タイ、ミャンマー、ベトナムといった東南アジアや台湾、沖縄の旅行記で定評のある下川裕治氏が、東南アジアの日本企業駐在員がビジネスの現場で体験している、苦笑いや胃がいたくなるような、現地の人々とのトラブルの数々をレポートしたのが本書
小目次までレビューするとネタバレもいいところなので、大目次までにしておくが、構成は
1 すぐ休む人々
2 働かない人々
3 会社を私物化する人々
4 身勝手な人々
5 会社のカネを使いこむ人々
6 すぐに訴える人々
7 役人な人々
8 宗教で生きる人々
9 才能ある人々
10 不運に見舞われた人々
11 日本を持ち込む人々
となっていて、大目次だけでも、なんとなく東南アジアの国々の「困った人々」ではあるが、なんとなくユルくて、ギスギスしない感じが表れているといえる。

例えば、ラオス人を評して
ラオス人の八割が農業に従事している。農民気質というのは、他力本願的な部分が多い。・・・時間感覚も似たようなものだ。今日いかなくても明日がある。一日でそんなに変化は生まれない。今日、お腹が痛かったら、仕事は明日にまわせばいいのだ。(P21)
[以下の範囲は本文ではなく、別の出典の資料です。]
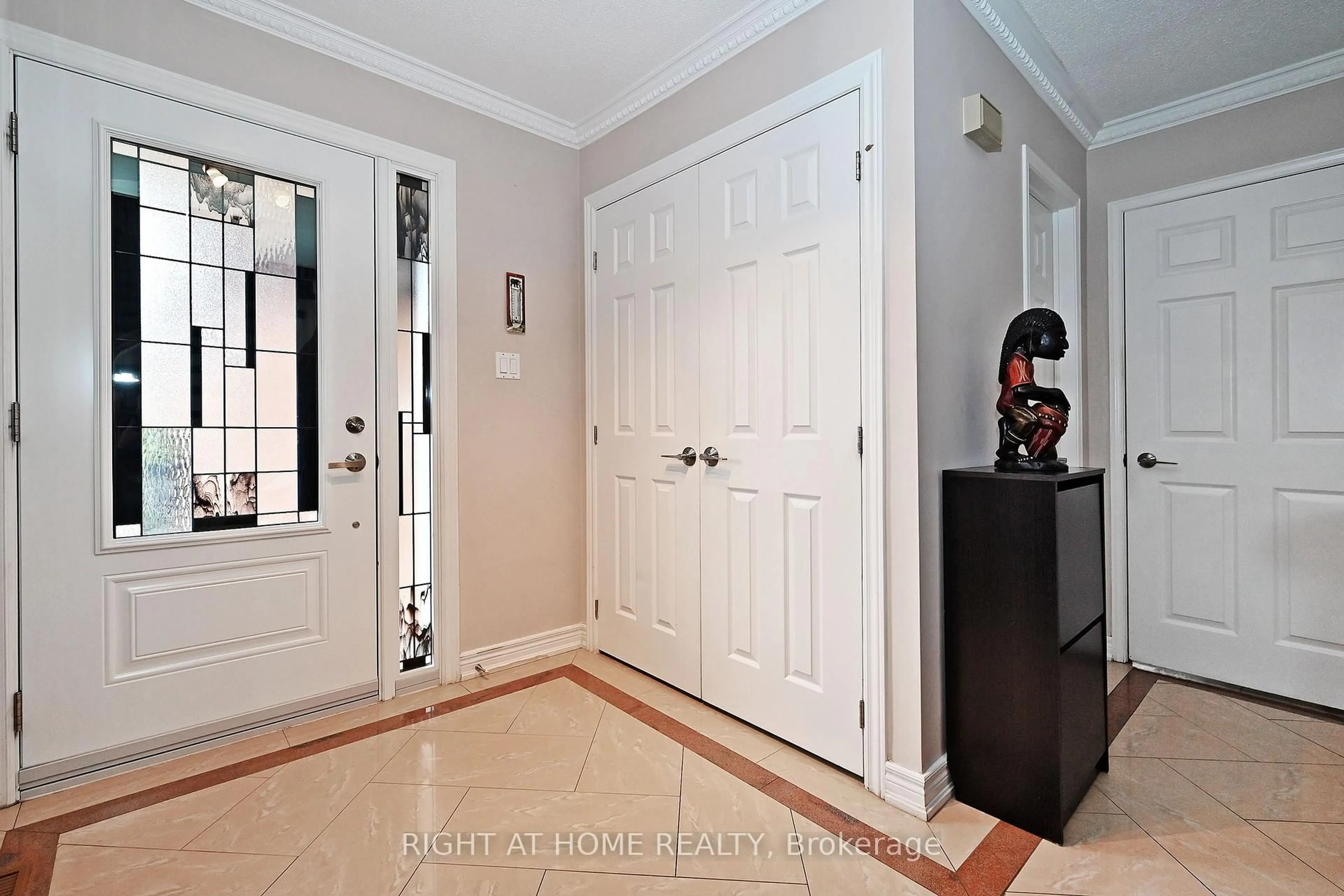 Indoor entryway for 83 Maques Lane, Vaughan Ontario L4J 6S9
ラオス人の住居は高床式住居。住居スペースである二階部分は大きな広間があり、その奥に個室が二〜三部屋。家長夫婦と子供の寝室に別れる。そこで長男が結婚すると、一部屋を占拠するので残りは一部屋。他の兄弟はそこで雑魚寝するのが普通。
生まれてから一人で寝たことのない人もいる(P55)
であったり、最近、経済成長著しいマレーシア人を評して
マレーシア人は、だんだん経済状況がよくなって親からちやほやされて育った人が多い。いざとなったら政府がなんとかしてくれるとの依存心も強くなっている。だから、ちょっと厳しい状況に直面するとへなへなとなってしまう

マレーシアでは、3Kといわれる建設業や製造業だけでなく、飲食業やサービス業でも慢性的な人手不足に悩まされている。実際にミャンマー人労働者などが日本料理店の裏方を担っている例もある。外国人労働者抜きでは経済活動がたちゆかないような構造ができてしまっているのだ。(P27)
といったところに、未来の発展の可能性も秘めつつも、なにやら様々な課題がありそうな東南アジアの姿を象徴しているようだ。
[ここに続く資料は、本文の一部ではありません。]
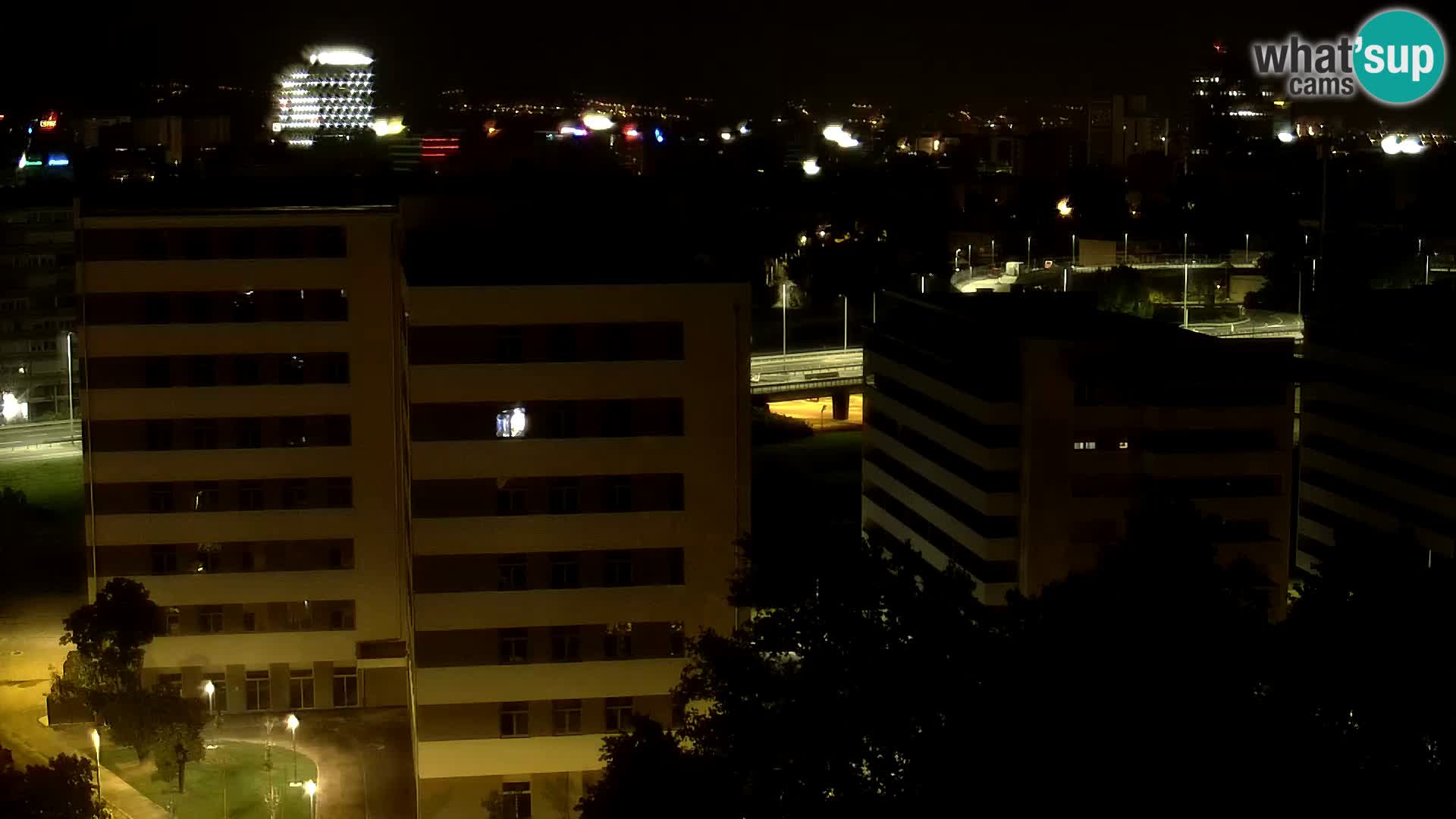 Rond-point en direct traversant les avenues Slavonska et Marin Držić à Zagreb webcam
だが、雨が降ると会社を休んだり、社内のバスケットボール大会を関連会社を含んで3ヶ月にわたって開催したり、自宅を改築するので、その現場監督に会社をやめようとしたり、郵便局が業務そっちのけで局あげて焼き鳥屋の副業に盛を出したり、と困った話ではあるが、微笑んでしまうようなエピソードになるのは東南アジアゆえであろうか。
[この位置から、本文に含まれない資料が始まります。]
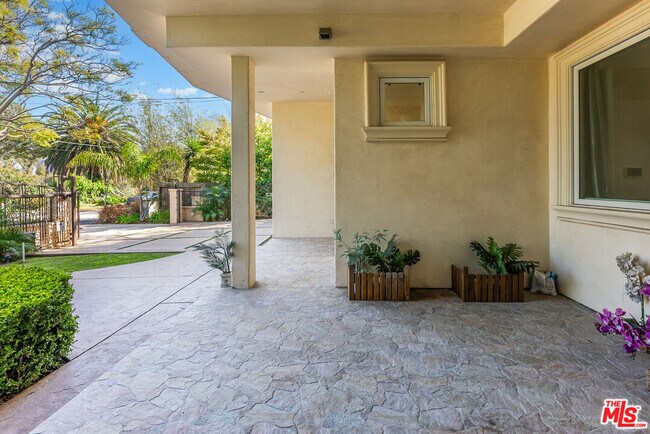 Foto del edificio - 391 S Saltair Ave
そして、日本の会社もそんな東南アジアの風情に影響されるのか、社則はひと昔前のものが多く
・移動は社用車を使う
・屋台で食事をしてはいけない(P187)
といったことが残っているのは御愛嬌というべきか。
まあ、今後の経済環境を見れば、東南アジアとの関連性は高まる一方であろうから、こうした「ゆるさ」を身につけるのも有効な一手であるかもしれないですね。